Bombay HC Asks MahaRERA To Examine Delays On Case-To-Case Basis
The Bombay High Court, on December 6, has upheld the validity of the Real Estate (Regulation & Development) Act, 2016. A Bench of Justices Naresh Patil and Rajesh Ketkar made the judgement based on several petitions filed by real estate developers and individual plot owners, all challenging the constitutional validity of the Act that came into effect on May 1, 2017.
Under the Act, all developers register themselves with the Real Estate Regulatory Authority (RERA). The authority allows buyers to claim compensation for delay in possession and looks at the cancellation of a developer's registration in case he fails to complete the project within the stipulated deadline.
The petitions filed with the Bombay HC claimed that the Act, and the constitution of a state-level authority for its implementation, were arbitrary and unconstitutional.
The Bombay HC Bench, however, allowed a significant leeway for developers in today's judgement by permitting the state-level RERA authority and the Appellate Tribunal to consider delays on a case-to-case basis, and not to cancel projects or developers' registration in cases where the delay was caused due to "exceptional and compelling circumstances."
"In case the authority is satisfied that there are exceptional and compelling circumstances due to which a developer could not complete the project inspire the one-year extension granted, then the authority will be entitled to let the developers' registration continue," the HC Bench said.
"Such powers shall be exercised on a case-to-case basis.

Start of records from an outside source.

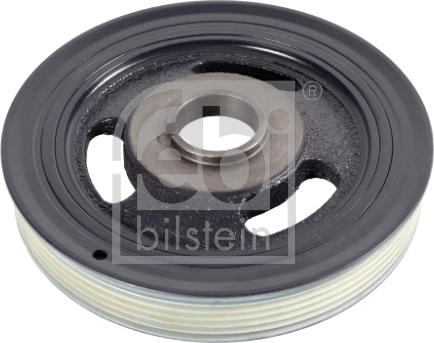 Febi Bilstein 31100 - Polea, cigüeñal parts5.com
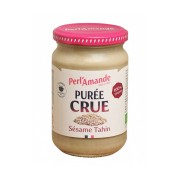 Purée crue de Sésame bio 280gr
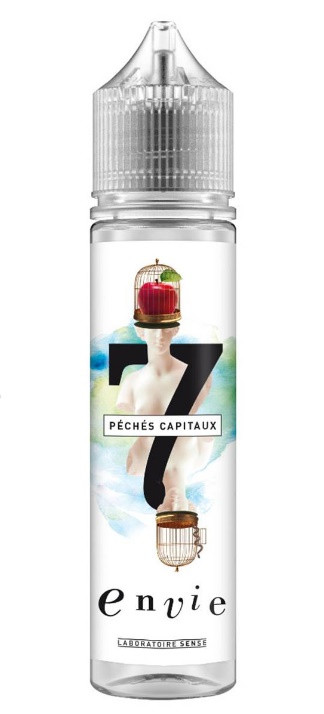 L'ENVIE ~ 50 ml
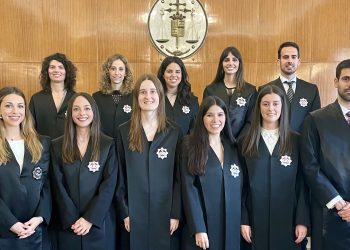 Nuevos letrados de Baleares.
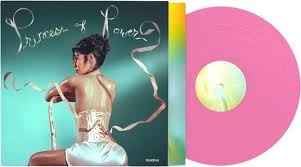 Marina - Princess Of Power (pink)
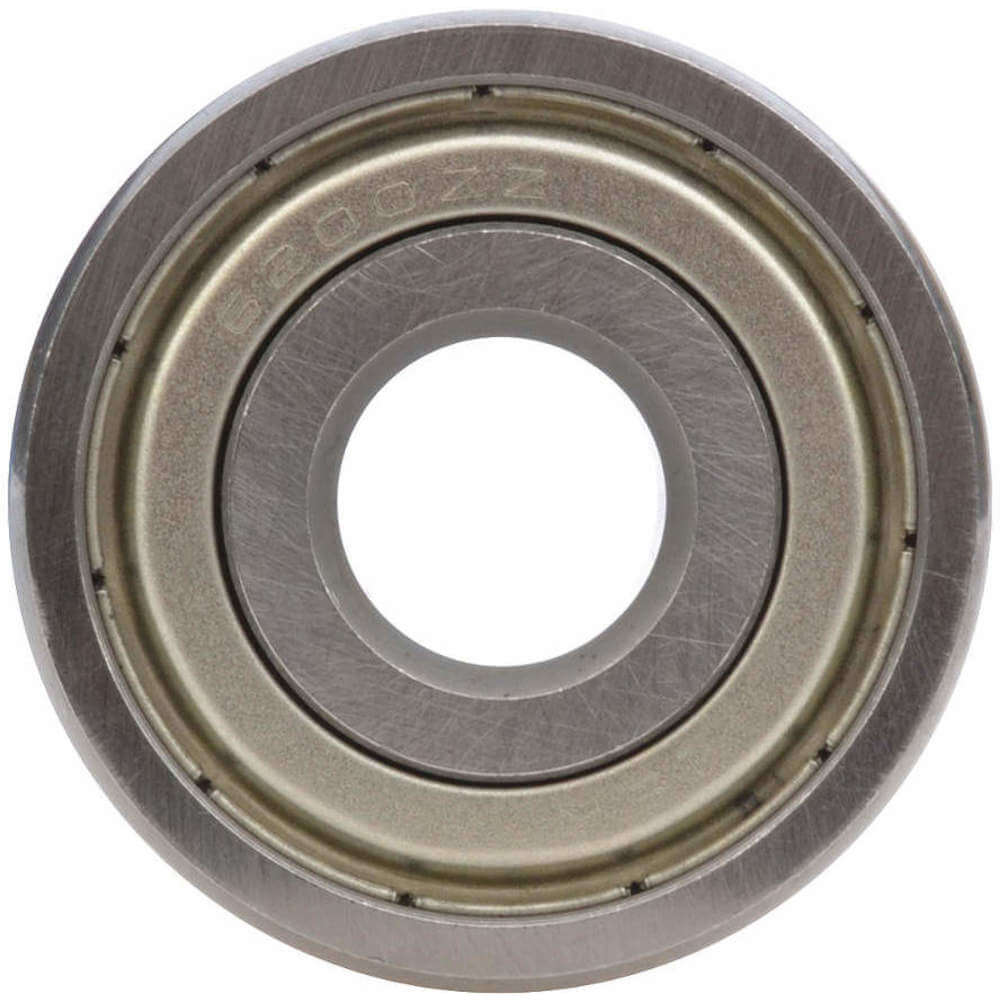 DAYTON PN5ZL21014G Ball Bearing | AH9WQJ 45L843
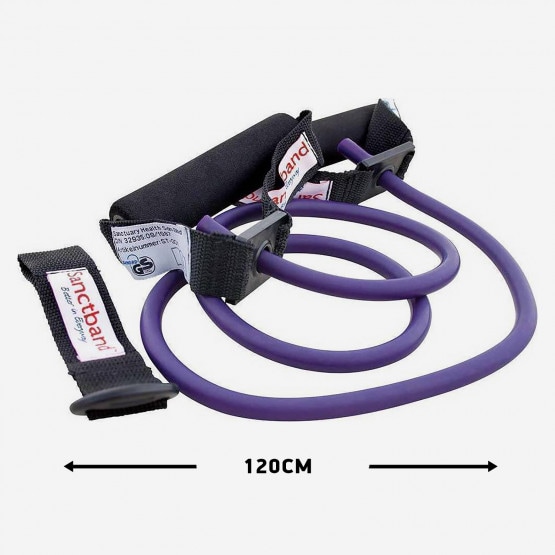 Amila Gymtube, Ultra Hard, 120 Cm X 0,26 Cm
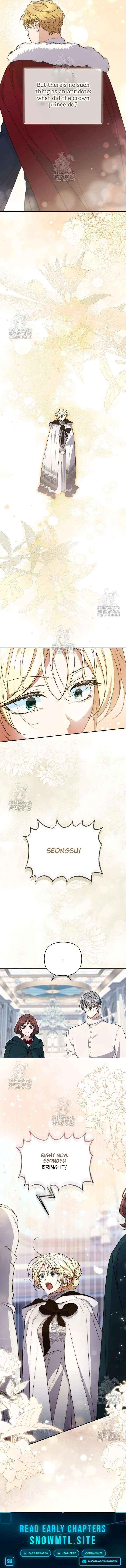 Read Anyone Can Beat the Original EN Manga Online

The authority shall consult with the state in such cases if needed," the Bench added.
The Bench ruled that the Act was crucial to protect the interest of flat buyers across the country. It said, "RERA is not a law relating to only regulatory control the promoters (developers), but its objective is to develop the real estate sector, particularly the incomplete projects across the country."
Most of the developers had challenged a provision of 'force majeure or a natural disaster', where any extension beyond a year for completion of the project would have led to penalties.
The Centre and the state had vehemently defended the Act, and justified the strict provisions by arguing that the same was meant to protect homebuyers, and to rein in rogue developers.
In September, after several petitions challenging the Act were filed in high courts across the country, the Supreme Court stayed the proceedings in other courts and suggested that the Bombay High Court hear its cases related to the Act first.